Educating yourself on vegetarianism and veganism isn't an easy task when videos such as Meet your Meats pop up. Helpless little earthlings getting tortured is always a tear jerker. I cannot go two seconds without bawling like a baby. I just get so emotional. A baby calf being ripped apart from the mother cow is such tragedy. Well, now I'm crying just from thinking about it. I always get angry that people can consume those sickly ANIMALS, and all I see are these poor creatures getting tortured and killed for consumption and profit. I also just notice How helpless they are. Humans are not and will not be friends to them. Such an awful experience, I must say. How do they not associate those animals to pet? I could easily have a pet pig or a duck. How in the world would I drag the piggy, shoot it in the head and let the earthling die a painful death. Hello?! I could never do that, and I am sure no one else could but they will support the slaughtering meat industry. This is why i lean more towards veganism. Even if I eat smoothies all day long, at least I will feel happier and no guilt towards supporting those industries. Milk sucks anyways. It would be so great to have someone to share this with since it is just ranting and ranting...I'll have to find a veg head somewhere and just taaaaaalk.

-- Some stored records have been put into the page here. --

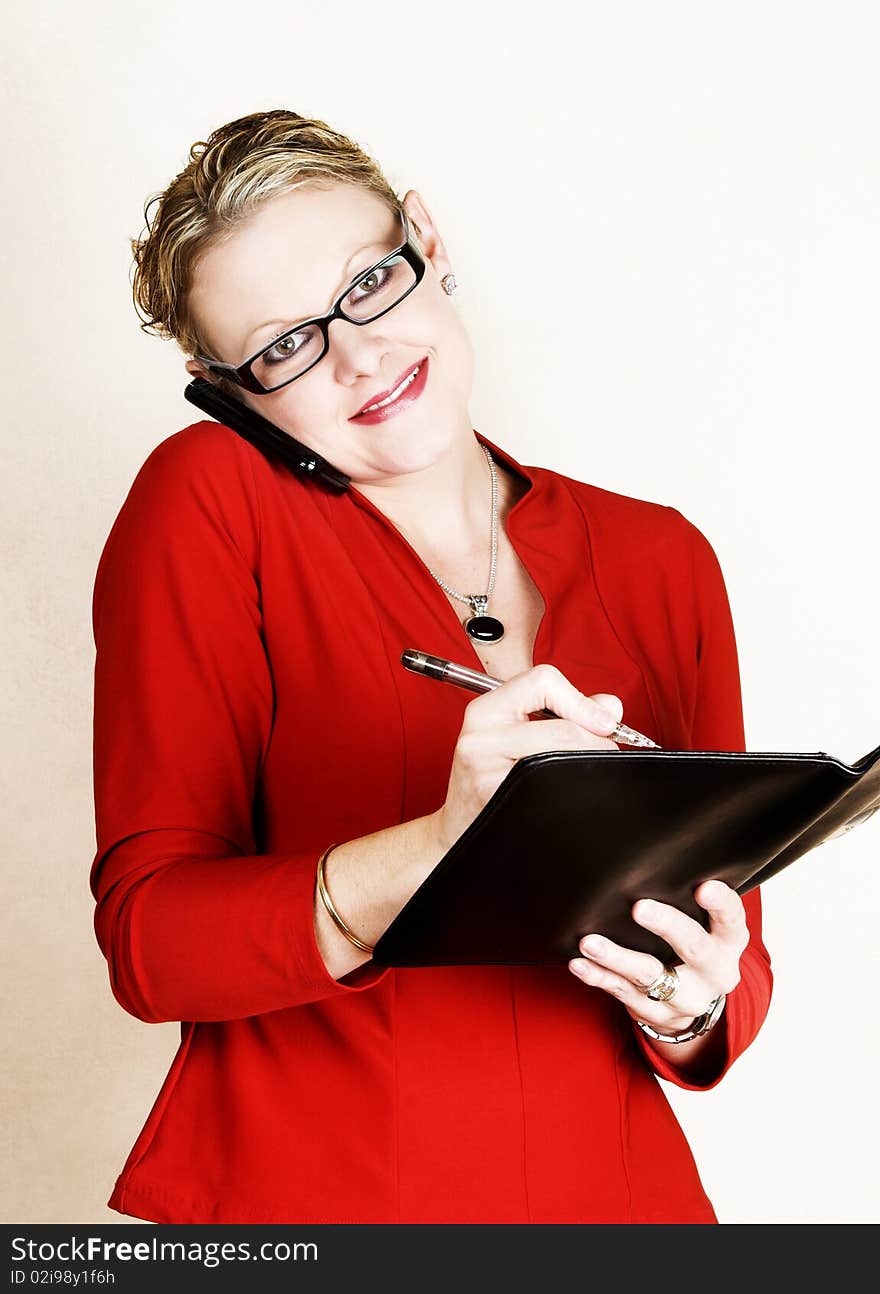 Business woman in red suit speaking on phone while writing in her folder. Business woman in red suit speaking on phone while writing in her folder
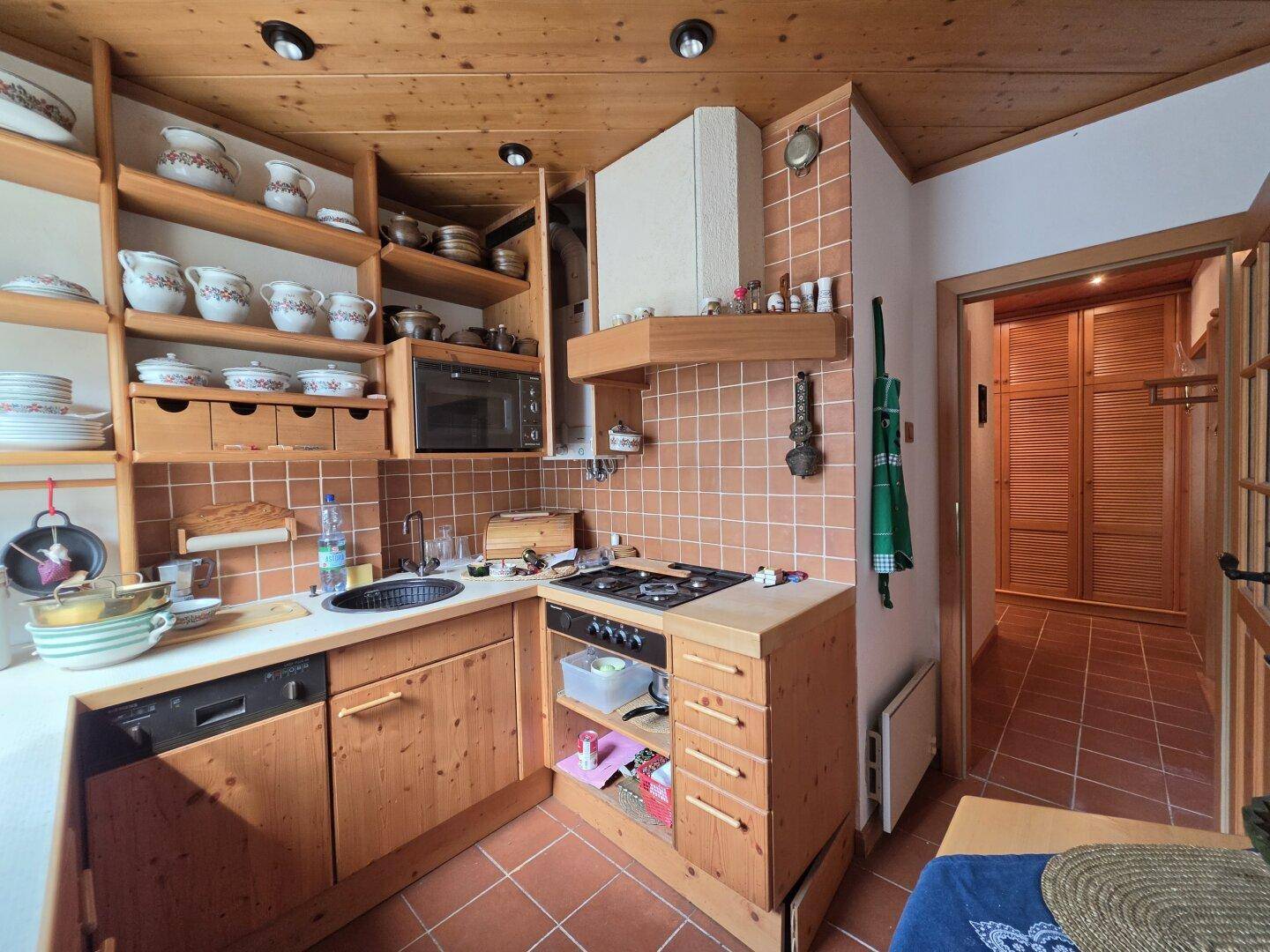 Funktionale Küche mit Holzschränken, Terrakottafliesen und einem Gasherd, ideal für traditionelles Kochen.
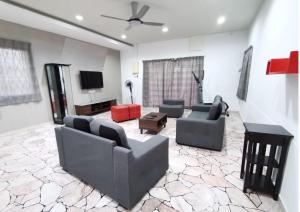 a living room with two couches and a flat screen tv at SingLeisure Holiday House in Mersing
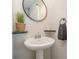 Pedestal sink in bathroom with modern fixtures, decorative mirror, and stylish accessories at 17231 Rider Wood Ln, Charlotte, NC 28278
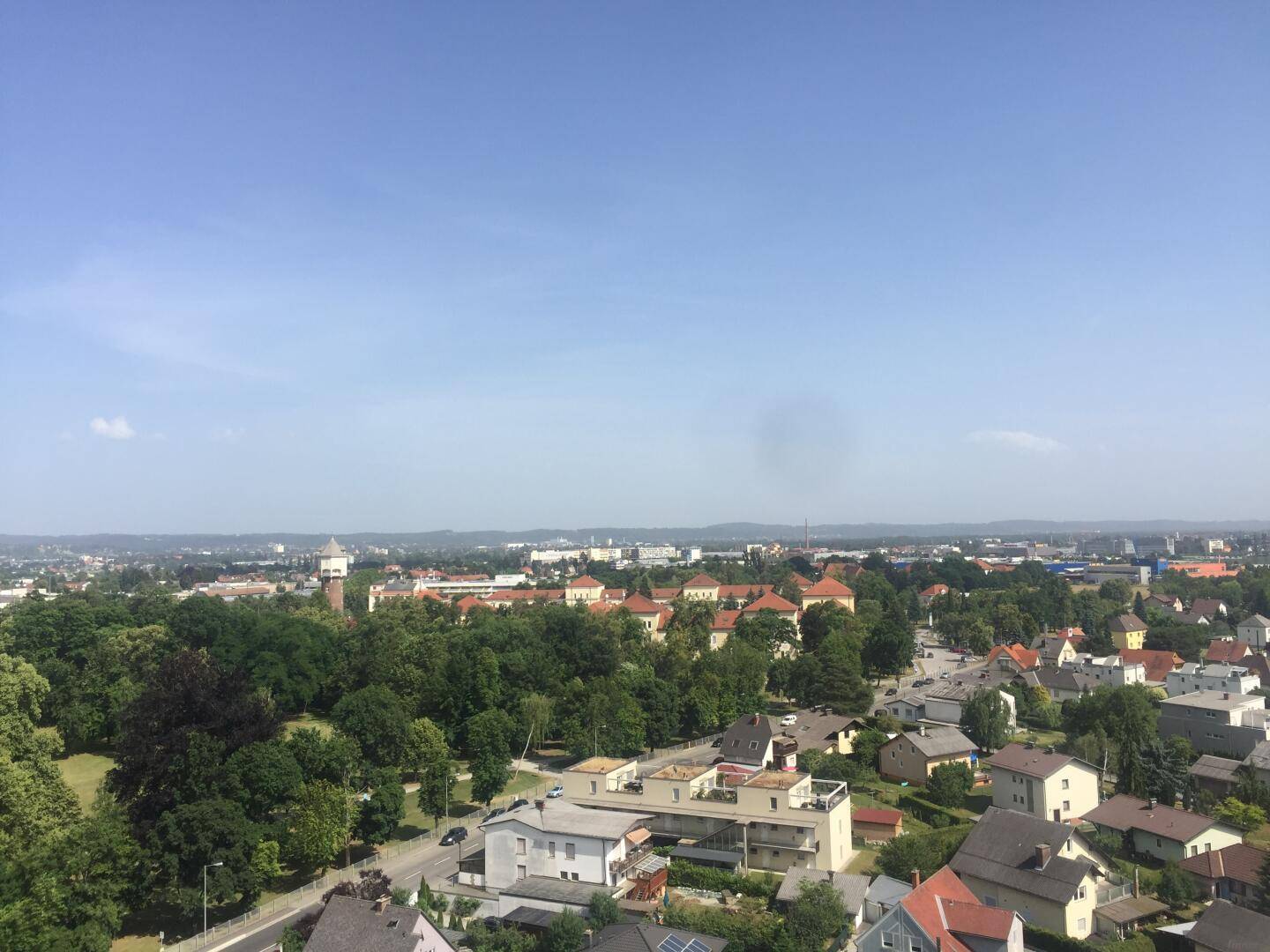 Weitläufiger Blick über die Stadt mit viel Grün und einem Wasserturm unter blauem Himmel.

(praying my summer room mate doesn't eat meat..a girl can dream) 

April

*treat Bradley to as much as I can
*no seafood whatsoever
*slowly CUT OUT MILK & CHEESE (bye, bye feta)
*make deodorant & lip balm
*yoga
*blend up smoothie bowls
*cook up yummy rice bowls
*pay back that angry little lender
*meditate daily
*make friends
*smile
*regain self control if terrible J happens
*love never fails
*tolerate those who are hypocrites
*nap, nap, nap
*school is important, attend!
*squat & bike/run

Sunday, March 22, 2015

Bang, boom!

Oregon and Washington, I miss you. I miss you because the times spent there was time spent with my love. I cannot wait to make plenty of memories in those states again in the years to come.

Such joy thinking about it all.

Saturday, February 21, 2015

Wednesday, February 11, 2015

Great Expression

"But I must admit I miss you quite terribly. The world is too quiet without you nearby. I go to bed early and rise late and feel as if I have hardly slept."

-Lemony Snicket

Saturday, February 7, 2015

PSA

be on time when you make plans. if you're not, someone could be extremely annoyed.

Wednesday, January 21, 2015

Little European slice

I'll put my dreams on hold, I've got years ahead of me. For your two, I'll do it.